Une météo pour alerter sur les 40 à 420 kilos de plastique qui flottent chaque jour dans le ciel parisien


Ce bulletin météo d’un genre particulier est lancé par la fondation australienne Minderoo, alors que des négociations internationales sur le sujet ouvriront lundi à Paris.

«Ciel clair et ensoleillé». Les températures parisiennes de ces derniers jours retrouvent enfin les moyennes de saison. Un nouvel indicateur météo menace cependant d’altérer la bonne humeur des citadins: celui de la pollution plastique mesuré dans la capitale. Les averses de plastique attendues ce vendredi à Paris devraient atteindre jusqu’à 40kg, selon la «météo plastique» mise au point par la fondation australienne Minderoo. L’initiative – une première en France – a été inaugurée jeudi par le ministère de l’Écologie Christophe Béchu et la journaliste Chloé Nabédian, ancienne présentatrice météo. Les prévisions hebdomadaires de pollution plastiques sont disponibles et accessibles à tous via le site Plasticforecast.com.

Si Minderoo ne mesure pas en temps réel le plastique qui flotte dans l’atmosphère, le bulletin édité par la fondation bénéficie cependant d’un solide crédit scientifique. Minderoo se base en effet sur des recherches et des relevées menées à Paris depuis 2015. Ces travaux ont montré que la quantité de plastique collectée augmente considérablement lorsqu’il pleut, car l’humidité capture et agrège les particules entre elles. Les scientifiques australiens extrapolent ainsi, selon la météo, un niveau de «pluies de plastique» qui oscille entre 40 et 420 kilos par jour à Paris.

Risques pour la santé humaine

La fondation espère que cette opération permettra de sensibiliser citoyens et dirigeants, alors que les négociations d’un futur traité international sur la pollution plastique se tiendront dès lundi à Paris. On s’en doutait, ces torrents de plastiques ne sont pas sans risque pour notre santé et celle des animaux. «La pollution plastique est un énorme problème auquel il n’a pas été apporté de solutions à ce jour, déplore Stephen Gaisford, chargé de communication chez Minderoo. Les particules se dégradent dans l’environnement, puis se retrouvent dans notre corps, ou dans ceux des animaux, causant de sérieux dommages».

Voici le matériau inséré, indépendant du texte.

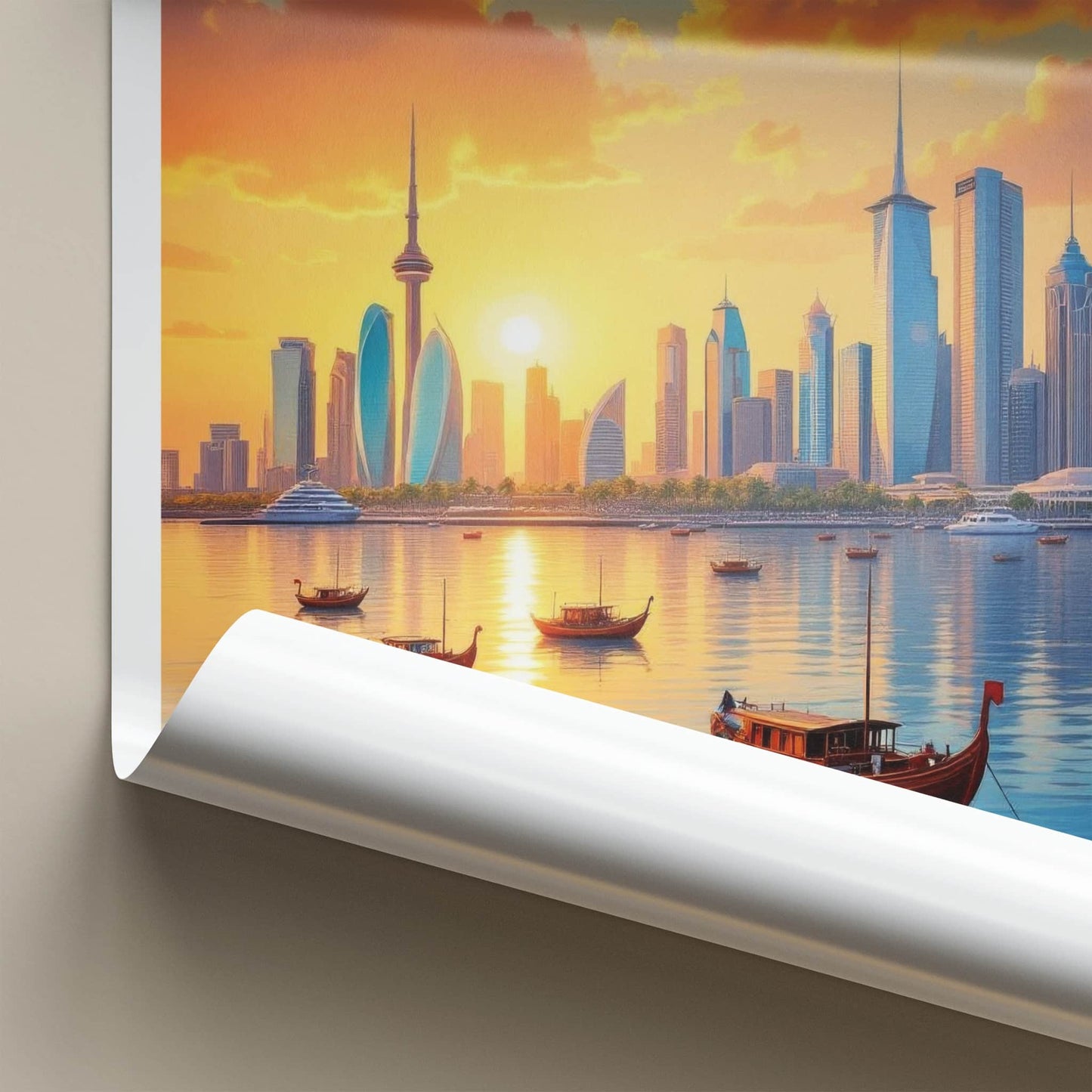 Doha Poster - Qatar Framed Print - Vibrant Sunset Panorama Framed Decor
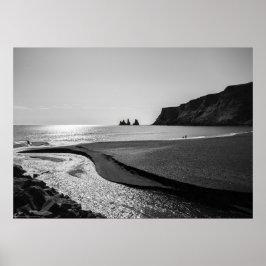 Zandstrand, Reynisfjara, IJsland Poster
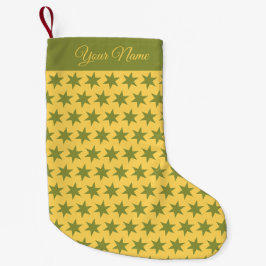 Stars Pattern Trendfarben Gold Grün Gelb Name Kleiner Weihnachtsstrumpf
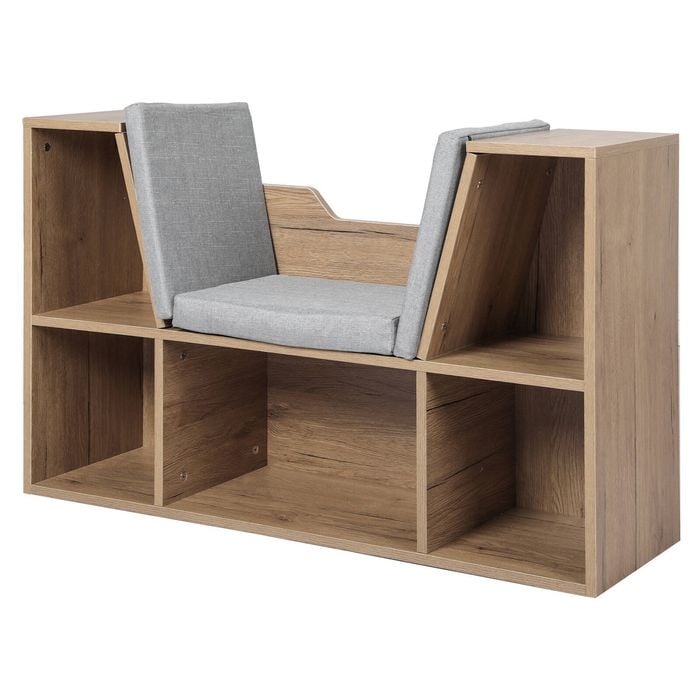 Levede Kids Bookcase Toy Box with Seat Shelf Storage Brown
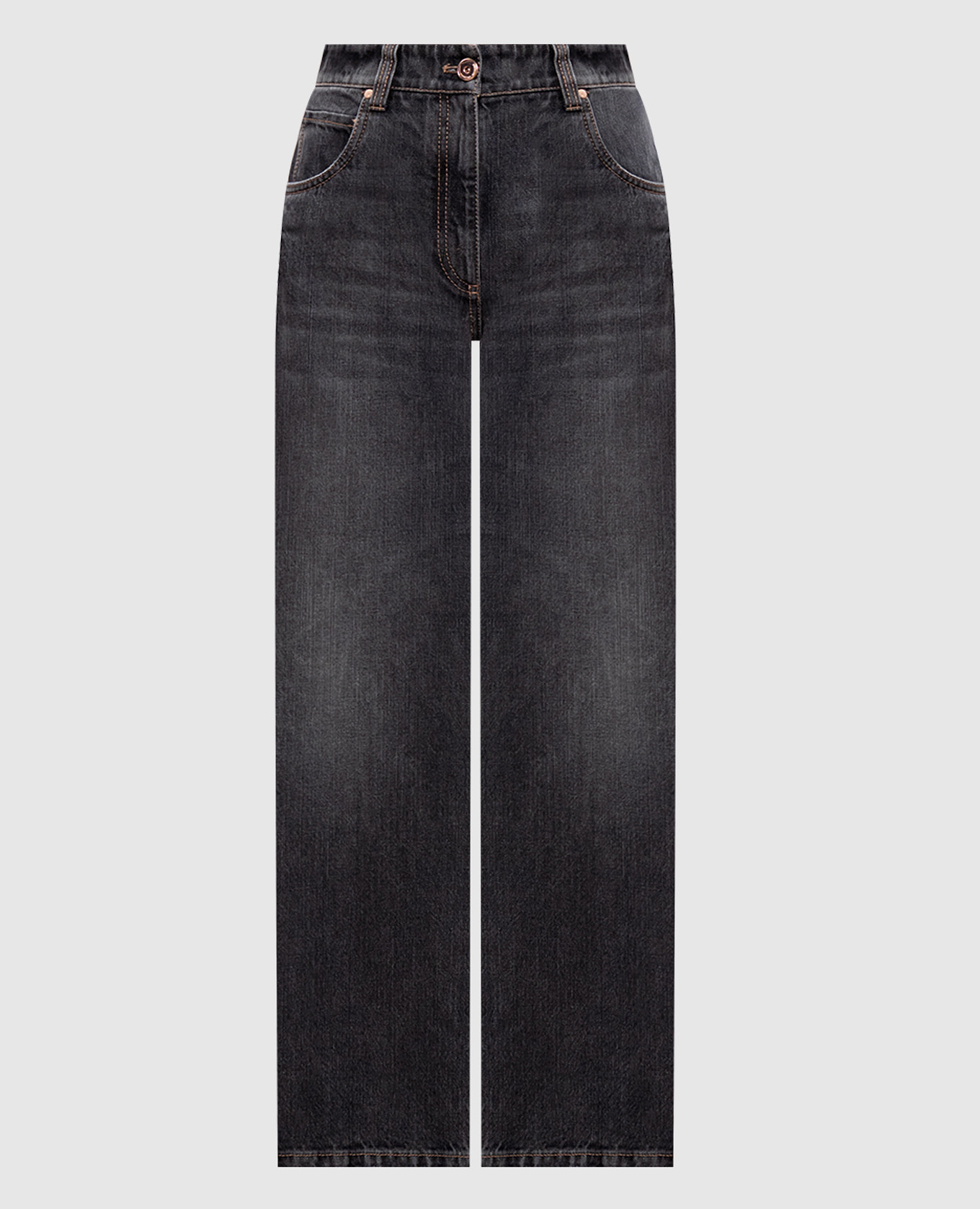 Gray jeans with a worn effect Brunello Cucinelli
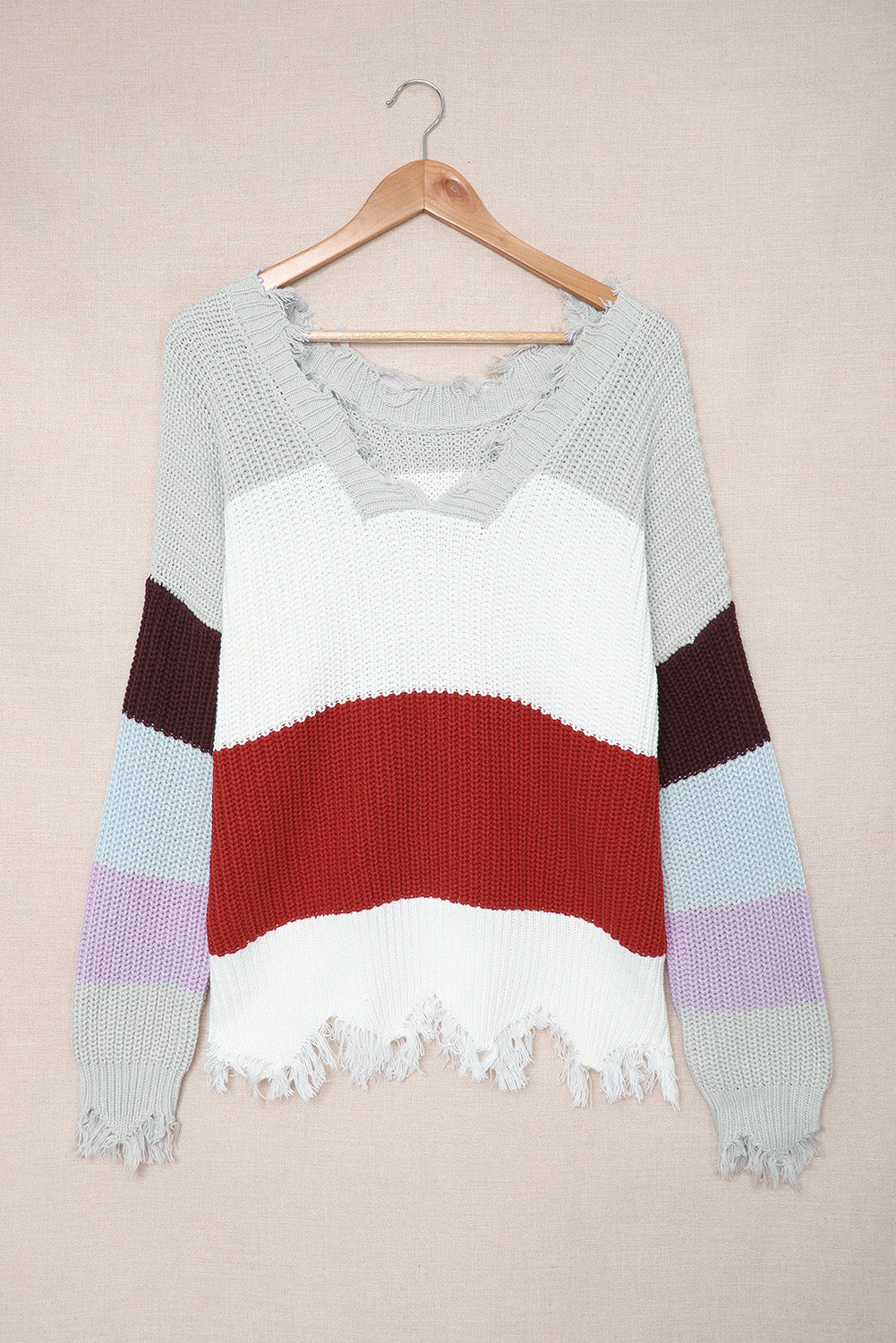 Gray Colorblock Distressed Sweater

L’impact délétère des plastiques sur l’écosystème et sur la santé est corroboré par de nombreuses publications scientifiques. Selon le Programme des Nations unies pour l’environnement (PNUE), les débris plastiques tueraient chaque année plus d’un million d’oiseaux des mers et 100.000 mammifères marins. Les microplastiques, issus de la décomposition des déchets, mais également émis par tous les matériaux intégrant du plastique (peintures, textile, pneus), sont les plus redoutables.

Selon une étude publiée fin mars dans la revue Nature Ecology & Evolution, des morceaux de microplastiques se retrouveraient bien dans notre corps, que ce soit dans le sang, dans le lait maternel et à l’intérieur du placenta. Ces corps étrangers sont alors susceptibles de provoquer des dégradations cellulaires et même de favoriser des cancers, des problèmes de reproduction et des mutations de l’ADN.

Malgré ces risques graves, l’opinion publique est encore trop peu sensibilisée au danger du plastique, juge Stephan Gaisford. «Les gens ne se sentent pas très concernés, car si le plastique est présent partout, il l’est souvent sous forme invisible, comme dans l’eau ou l’atmosphère», estime-t-il. La pollution plastique est en outre «absente des bulletins de météo classiques«, souligne Chloé Nabédian, quand les niveaux de particules fines ou d’ozone y figurent eux depuis belle lurette.

Alors, pour capter l’attention des Parisiens, Minderoo a sorti les grands moyens: conférence à l’Académie du climat, campagne sur les réseaux sociaux, affichages publicitaires dans les métros… «Nous souhaitons que l’indicateur de pollution plastique devienne aussi concernant que la métro classique. Que les gens se demandent, en sortant, combien il pleut de plastique, comme on se demande s’il y a du soleil», explique le représentant de Minderoo.

Reste à convaincre les diplomates internationaux. L’an passé, sous l’égide des Nations Unies, 175 nations ont adopté une résolution historique visant à conclure un traité juridiquement contraignant contre la pollution plastique. Le deuxième round de négociation, prévu du 29 mai au 2 juin, permettra-t-il d’aboutir à un consensus? Sur le site Plasticforecast, une option intitulée «changer les prévisions» ouvre en tout cas la possibilité de signer une lettre d’ouverte adressée aux négociateurs. Selon l’OCDE, en l’absence de mesure, la production annuelle de plastiques pourrait tripler d’ici 2060. Elle atteindrait alors 1,2 milliard de tonnes.